Another issue that has been a serious cause for concern is the inadequate coverage of the State’s beneficiaries under the National Food Security Act, which continues to trouble the State. With respect to Andhra Pradesh, the number of persons covered under the Targeted Public Distribution System is 2.68 crore, translating to 61% of the rural population and 41% of the urban population. This is grossly inadequate, considering the fact that, at the National level 75% of the rural population and 50% of the urban population are covered under TPDS. What is more disheartening is that even economically progressed States such as Maharashtra, Karnataka, and Gujarat have at least 10% higher TPDS coverage when compared with that of Andhra Pradesh. Those States have comparatively very robust public finances and tier – I cities and are not subject to the deficiencies as Andhra Pradesh is. This has resulted in a large number of needy and deserving persons being uncovered. Close to 56 lakh additional families are covered by the public distribution scheme being implemented by the State Government in addition to what Central Government has covered. The State Government is being overburdened due to this. I request that the State’s data be revisited and corrected. I urge that a comprehensive view be taken on the poverty levels in the State, wider coverage of the population of Andhra Pradesh under TPDS be ensured and the anomaly be corrected.
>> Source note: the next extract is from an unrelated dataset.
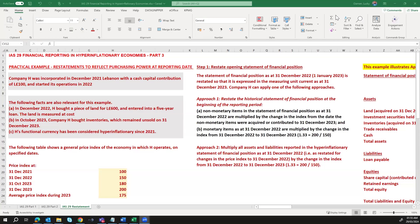Hello and welcome back to my YouTube channel. In this video we're going to continue from our previous session on IAS 29 financial reporting in hyperinflationary economies, part 3. In this video we're going to look at a practical example with statements to reflect the purchasing power as at the reporting date.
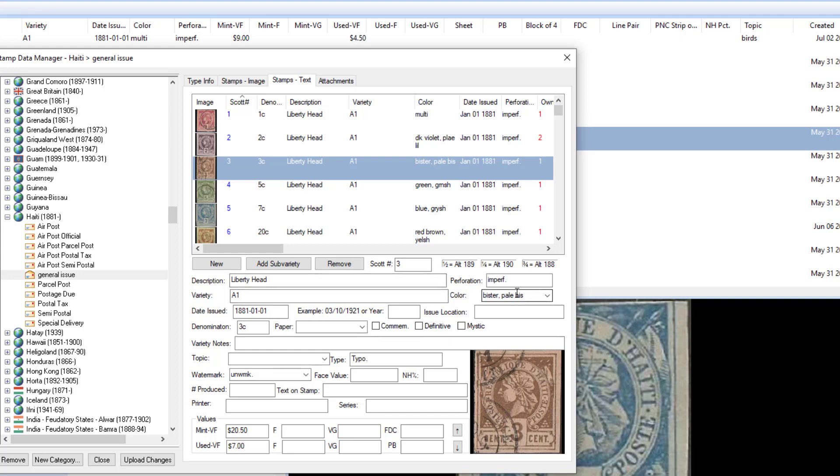Anyways, same thing: you can just change the value, click on the tab key, and it goes to the next column. Okay, that's it for today. Thanks for watching, bye bye.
I, therefore, request the hon’ble Chairman of this Council to understand the plight of the people of Andhra Pradesh State and make the necessary recommendations to address our concerns. 

I look forward to comprehensive discussions on many more issues concerning my State during the item-wise discussion. I request the Hon’ble Union Home Minister to form a committee under his chairmanship to settle our issues in a time-bound manner, upholding the esteem of the council.